SOURCE DATA
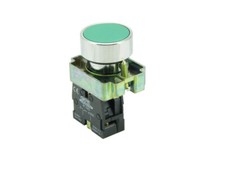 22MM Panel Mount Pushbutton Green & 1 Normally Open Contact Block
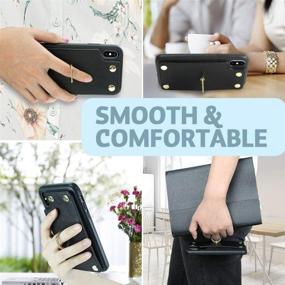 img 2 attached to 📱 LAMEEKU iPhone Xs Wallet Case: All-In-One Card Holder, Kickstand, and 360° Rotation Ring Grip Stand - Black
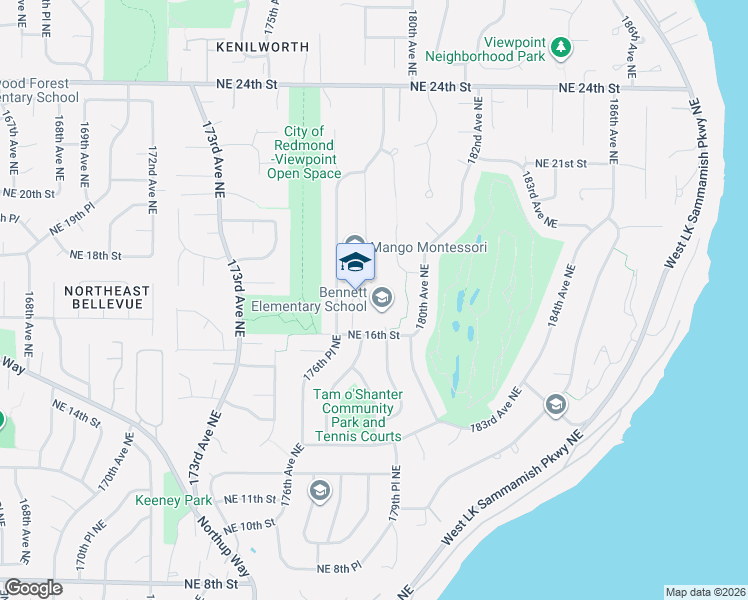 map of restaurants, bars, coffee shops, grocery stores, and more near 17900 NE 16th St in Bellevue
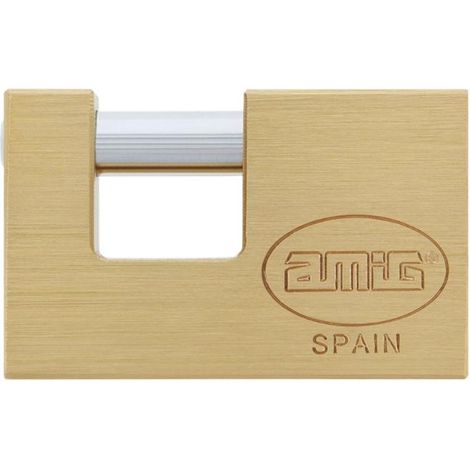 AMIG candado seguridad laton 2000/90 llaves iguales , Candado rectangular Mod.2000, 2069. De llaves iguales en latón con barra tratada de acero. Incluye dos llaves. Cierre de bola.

INSTRUCTIONS TO FOLLOW
Go through the material above and retype every line exactly, without the images.

FINAL ANSWER
 22MM Panel Mount Pushbutton Green & 1 Normally Open Contact Block
 img 2 attached to 📱 LAMEEKU iPhone Xs Wallet Case: All-In-One Card Holder, Kickstand, and 360° Rotation Ring Grip Stand - Black
 map of restaurants, bars, coffee shops, grocery stores, and more near 17900 NE 16th St in Bellevue
 AMIG candado seguridad laton 2000/90 llaves iguales , Candado rectangular Mod.2000, 2069. De llaves iguales en latón con barra tratada de acero. Incluye dos llaves. Cierre de bola.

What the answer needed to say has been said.